# What this task involves:
Take the listing and print it in full, exactly as given.

# Data supplied:

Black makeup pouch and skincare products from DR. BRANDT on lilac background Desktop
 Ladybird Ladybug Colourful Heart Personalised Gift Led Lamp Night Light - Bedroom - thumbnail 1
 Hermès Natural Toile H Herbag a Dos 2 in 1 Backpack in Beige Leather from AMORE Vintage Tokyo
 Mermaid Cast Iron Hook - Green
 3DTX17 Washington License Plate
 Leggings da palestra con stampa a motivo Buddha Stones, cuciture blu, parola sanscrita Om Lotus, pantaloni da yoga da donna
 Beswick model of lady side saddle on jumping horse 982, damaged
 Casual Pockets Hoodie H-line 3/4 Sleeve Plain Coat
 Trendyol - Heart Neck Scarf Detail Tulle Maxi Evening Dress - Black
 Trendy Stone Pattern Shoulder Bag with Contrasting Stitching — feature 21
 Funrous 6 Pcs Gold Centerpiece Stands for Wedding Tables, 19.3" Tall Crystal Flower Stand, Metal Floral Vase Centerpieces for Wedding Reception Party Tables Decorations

# Output of the task:
Black makeup pouch and skincare products from DR. BRANDT on lilac background Desktop
 Ladybird Ladybug Colourful Heart Personalised Gift Led Lamp Night Light - Bedroom - thumbnail 1
 Hermès Natural Toile H Herbag a Dos 2 in 1 Backpack in Beige Leather from AMORE Vintage Tokyo
 Mermaid Cast Iron Hook - Green
 3DTX17 Washington License Plate
 Leggings da palestra con stampa a motivo Buddha Stones, cuciture blu, parola sanscrita Om Lotus, pantaloni da yoga da donna
 Beswick model of lady side saddle on jumping horse 982, damaged
 Casual Pockets Hoodie H-line 3/4 Sleeve Plain Coat
 Trendyol - Heart Neck Scarf Detail Tulle Maxi Evening Dress - Black
 Trendy Stone Pattern Shoulder Bag with Contrasting Stitching — feature 21
 Funrous 6 Pcs Gold Centerpiece Stands for Wedding Tables, 19.3" Tall Crystal Flower Stand, Metal Floral Vase Centerpieces for Wedding Reception Party Tables Decorations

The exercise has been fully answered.